1/6 * 1/6 * 1/6 * 1/6 * 5/6 * 5/6 isn't enough.

position plays a role here, so you need to consider also

5/6 * 5/6 * 1/6 * 1/6 * 1/6 * 1/6 +

5/6 * 1/6 * 5/6 * 1/6 * 1/6 * 1/6 +

1/6 * 5/6 * 1/6 * 5/6 * 1/6 * 1/6 + etc.....

so you have to take the probability (5/6 * 5/6 * 1/6...) * the number of sequences (or combinations)

luckily there's a formula for this called "from n choose r" or nCr which kykboxr touched on.

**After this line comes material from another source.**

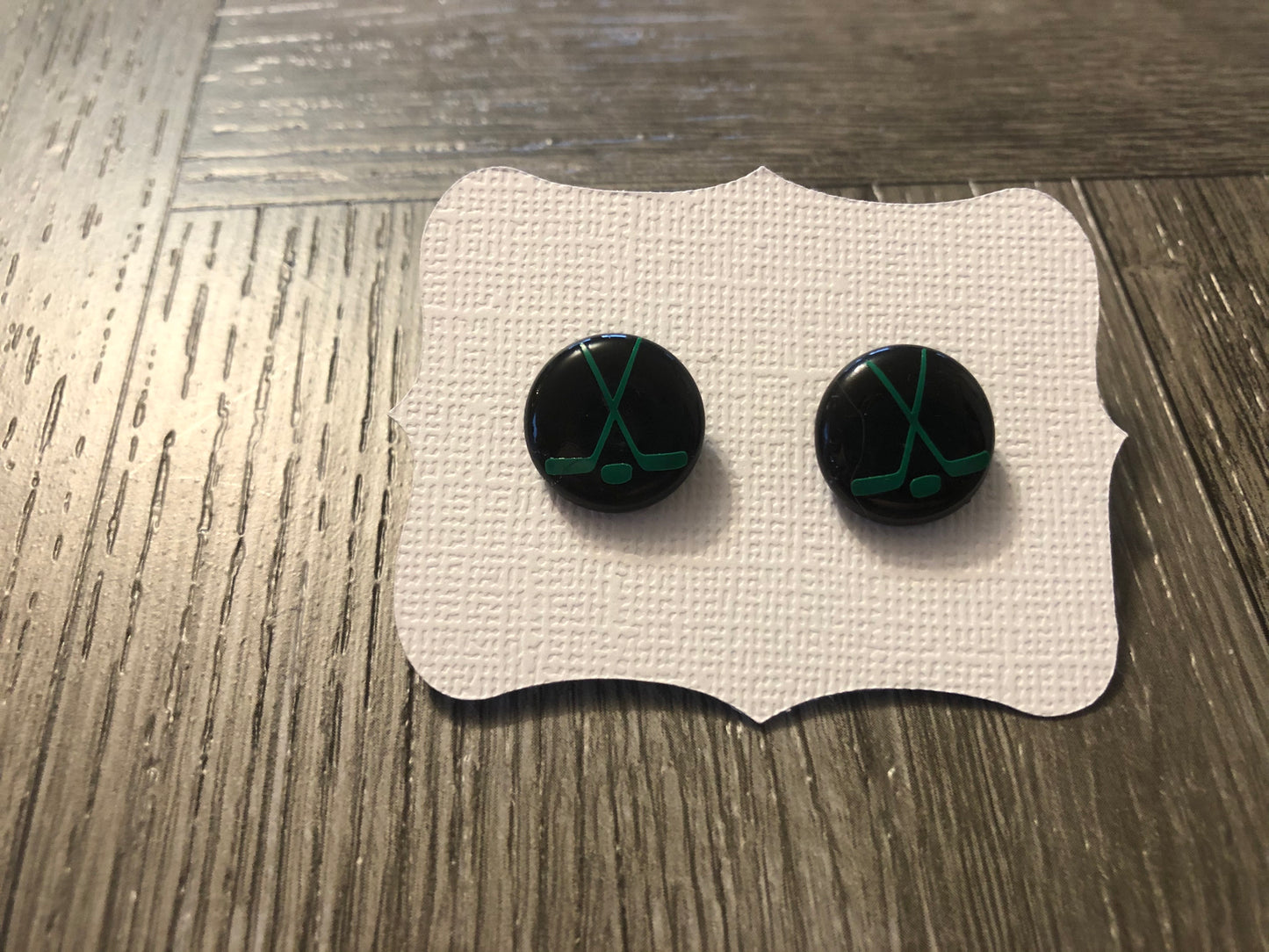 Black With Green Hockey Stick Earrings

In this case n = 6, and r changes...

so the formulas for probability are:

6: (1/6 * 1/6 * 1/6 * 1/6 * 1/6 * 1/6) * 6 choose 6 = 0.0021%

5: (1/6 * 1/6 * 1/6 * 1/6 * 1/6 * 5/6) * 6 choose 5 = 0.0643%

4: (1/6 * 1/6 * 1/6 * 1/6 * 5/6 * 5/6) * 6 choose 4 = 0.8037%

3: (1/6 * 1/6 * 1/6 * 5/6 * 5/6 * 5/6) * 6 choose 3 = 5.3584%

2: (1/6 * 1/6 * 5/6 * 5/6 * 5/6 * 5/6) * 6 choose 2 = 20.094%

1: (1/6 * 5/6 * 5/6 * 5/6 * 5/6 * 5/6) * 6 choose 1 = 40.188%

0: (5/6 * 5/6 * 5/6 * 5/6 * 5/6 * 5/6) * 6 choose 0 = 33.490%

Now, if you are looking for ANY item to match, the math is slightly different, let me know if you are interested. Hopes this helps :)

Ramshutu

06-16-2012, 01:03 PM

Everyone here is right. Ish. but the stats do not depend on combinatorics, or straight odds, but how the underlying system works.

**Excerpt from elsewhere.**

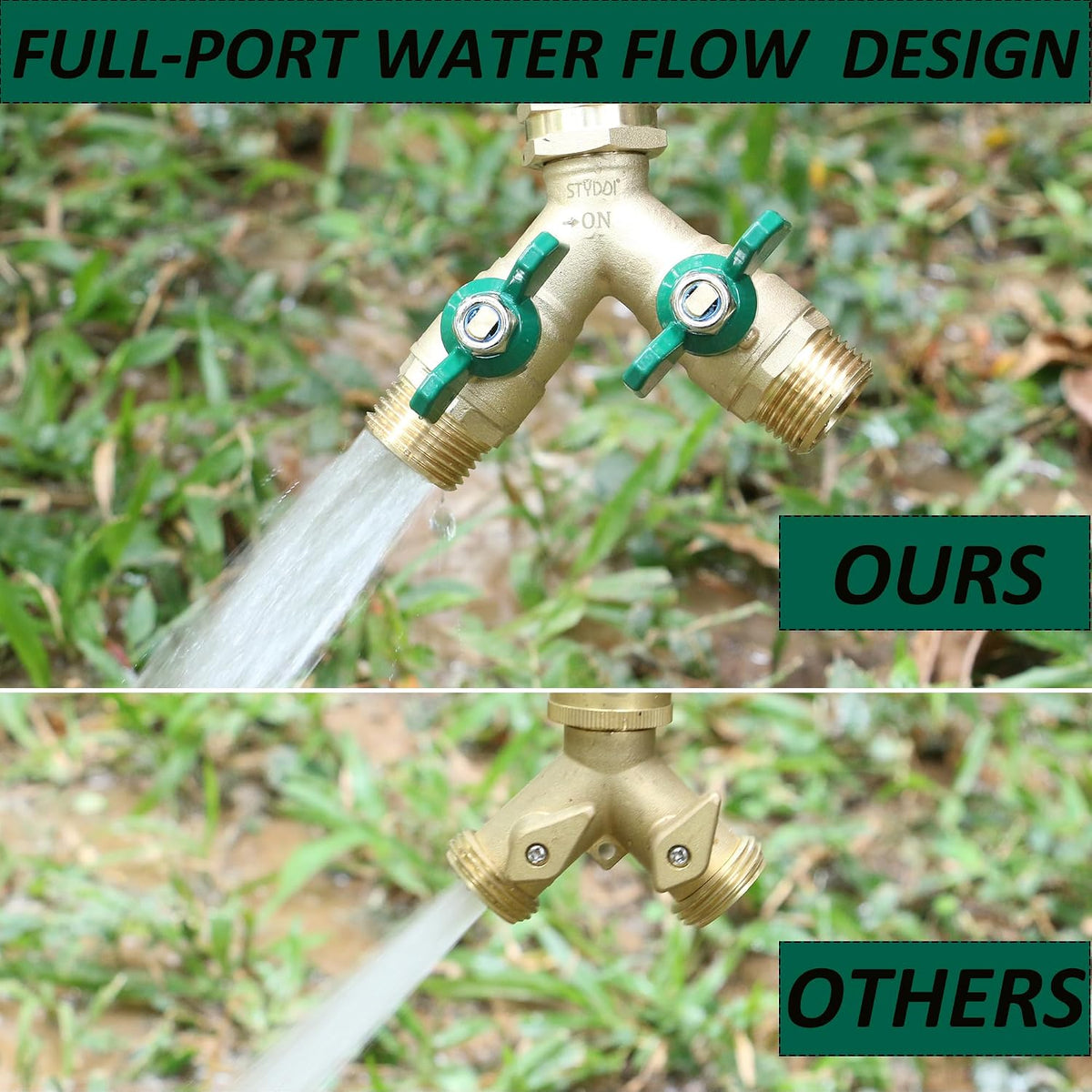 Garden Hose Splitter Full Flow, Brass Heavy Duty Hose Splitter 2-Way High Flow, All Metal Hose Y Splitter with Shutoff, Outdoor Faucet Splitter Hose Connector, Water Hose Y Valve Tap Adapter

From n Choose x works only in situations where there is a memory, like in cards or a lottery where the chosen item is "taken out" of the pool, so picking a heart from the deck is 13/52 but picking a second heart from the deck is 12/51.

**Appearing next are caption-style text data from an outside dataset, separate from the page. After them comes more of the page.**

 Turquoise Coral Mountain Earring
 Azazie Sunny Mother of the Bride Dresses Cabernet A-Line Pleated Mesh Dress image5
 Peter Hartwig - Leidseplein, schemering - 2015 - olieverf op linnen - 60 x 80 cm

If it is a straight dice role, in that rolling a 6 has odds 1/6 regardless of whether you have previously rolled 0 or 99 sixes.

In reality, the latter is marginally easier to implement, but both are trivial. The only way of proving which is which is to note down your own experiences and see whether they match 1 or 2.

This is, of course, assuming that the odds are not stacked as with events; which will throw everything off and make it impossible to determine the stats other than simply building up a large data set and comparing odds.

Gi0rgi0s

06-16-2012, 02:20 PM

Everyone here is right. Ish. but the stats do not depend on combinatorics, or straight odds, but how the underlying system works.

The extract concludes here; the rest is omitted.